What the exercise asks.
Could you print the stretch of lines below from the one with "Direct Auto Insurance" through the one with "Apple iPhone XS", exactly as they stand and without any pictures?

Data section.
=== Section Start ===

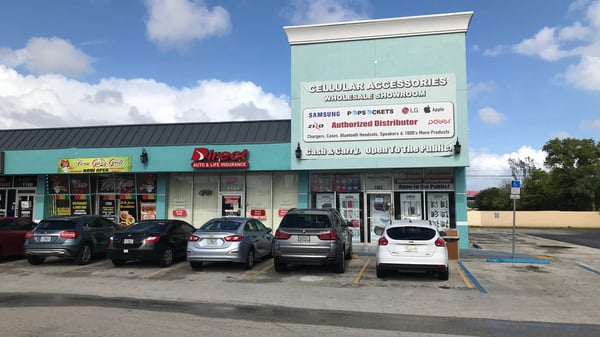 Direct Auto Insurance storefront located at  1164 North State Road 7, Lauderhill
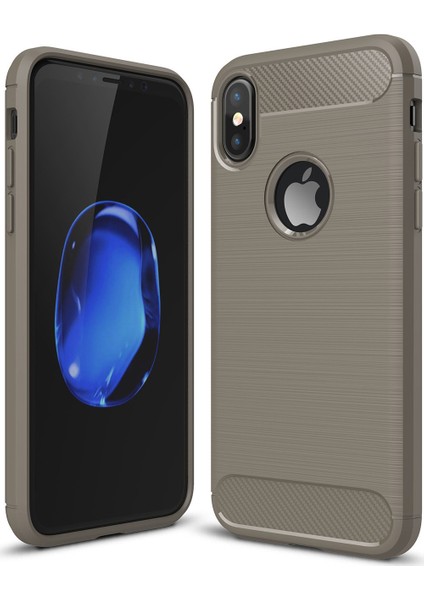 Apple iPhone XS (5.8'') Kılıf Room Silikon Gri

=== Section End ===
=== Section Start ===

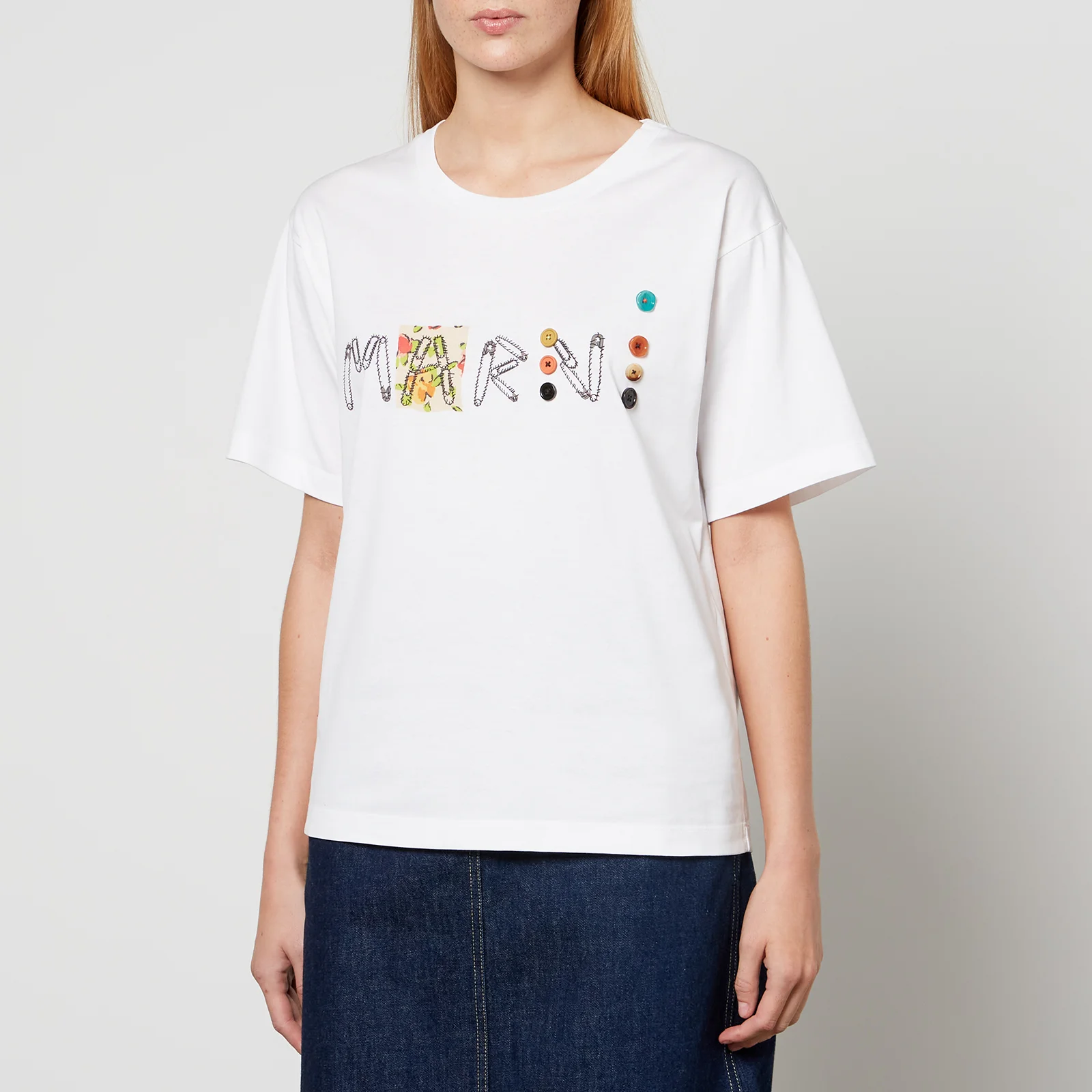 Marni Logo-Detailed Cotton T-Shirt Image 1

=== Section End ===

Final answer.
 Direct Auto Insurance storefront located at  1164 North State Road 7, Lauderhill
 Apple iPhone XS (5.8'') Kılıf Room Silikon Gri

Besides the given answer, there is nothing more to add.